WORK REQUIRED: Pictures stay out of the copy, and everything else in the data below is repeated exactly.

INFORMATION SHOWN:
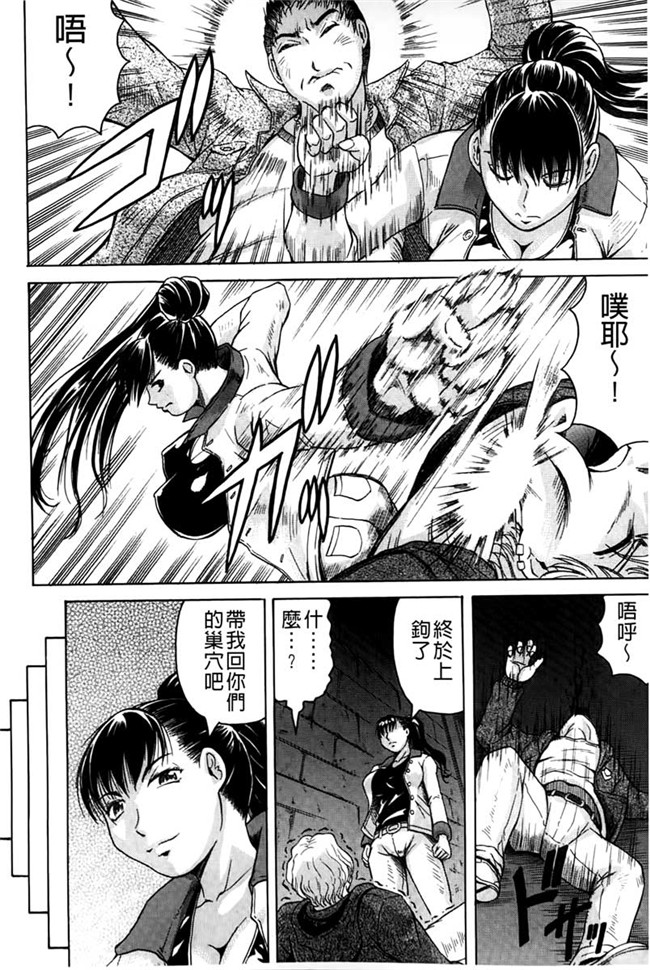 邪恶少女漫画肉控本子:[CN][617] jzdsi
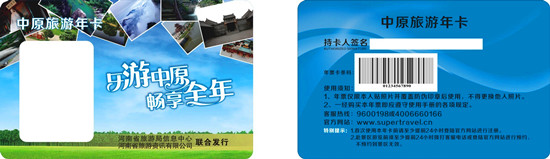 2013��&ldquo;��ԭ�����꿨&rdquo;��r��B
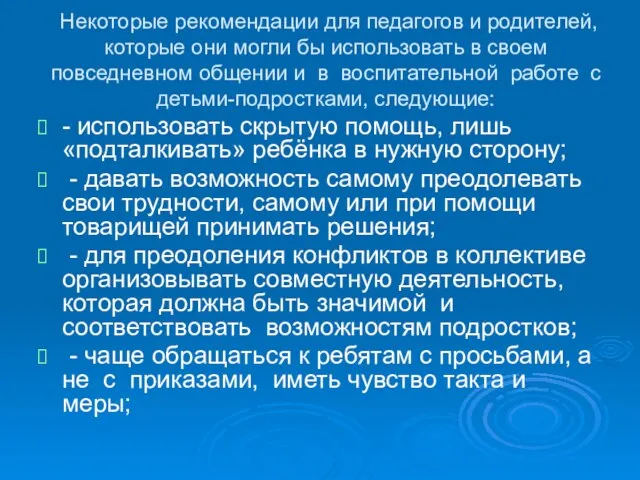 Некоторые рекомендации для педагогов и родителей, которые они могли бы использовать в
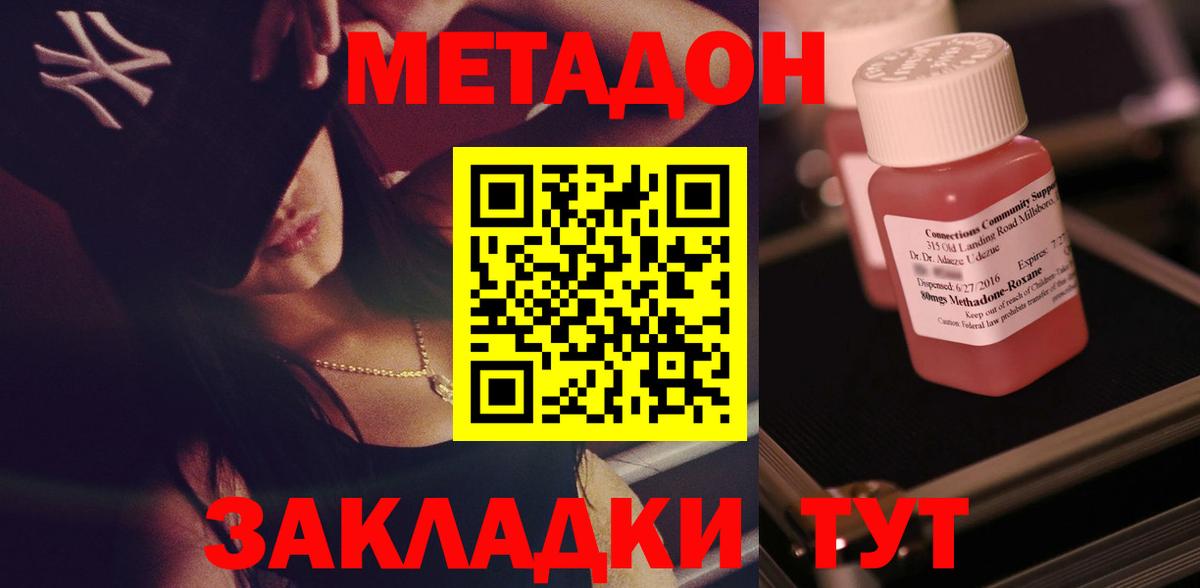 Саки  МЕТАДОН мёд    вход  площадка состав  Вход с VPN 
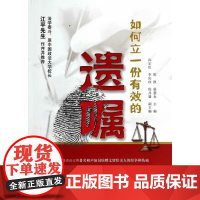 [正版直发] 如何立一份有效的遗嘱 陈凯,蔡慧永 9787010134161 人民出版社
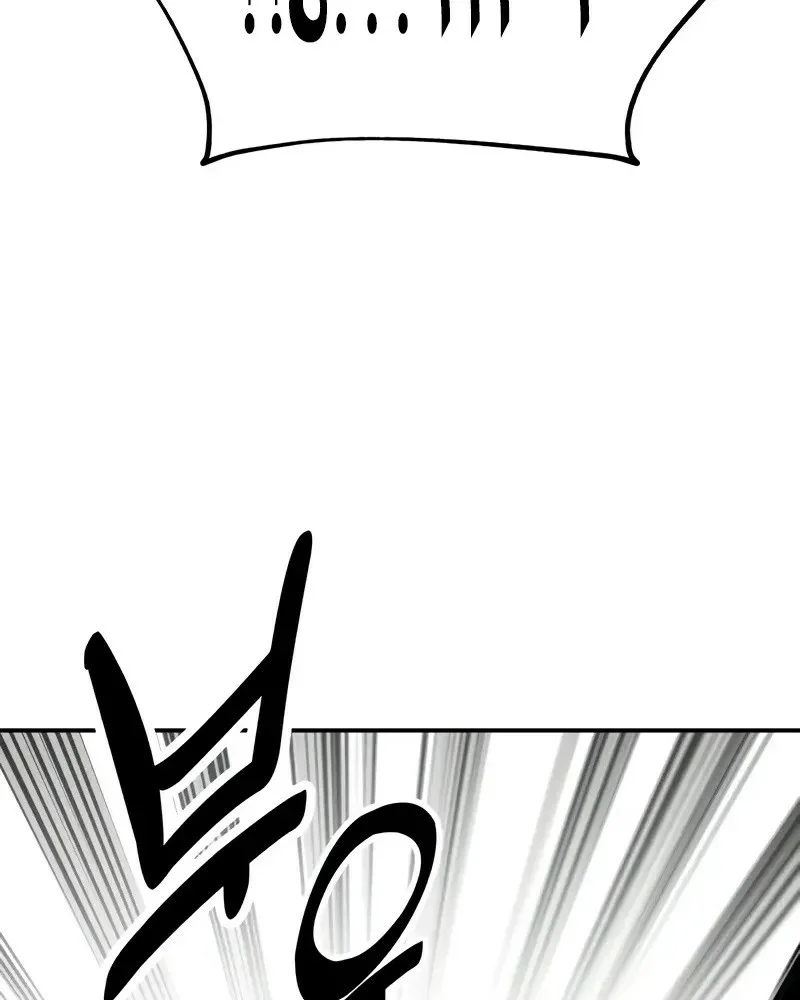 Read I Killed an Academy Player AR Manga Online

WRITTEN SOLUTION:
 邪恶少女漫画肉控本子:[CN][617] jzdsi
 2013��&ldquo;��ԭ�����꿨&rdquo;��r��B
 Некоторые рекомендации для педагогов и родителей, которые они могли бы использовать в
 Саки  МЕТАДОН мёд    вход  площадка состав  Вход с VPN 
 [正版直发] 如何立一份有效的遗嘱 陈凯,蔡慧永 9787010134161 人民出版社
 Read I Killed an Academy Player AR Manga Online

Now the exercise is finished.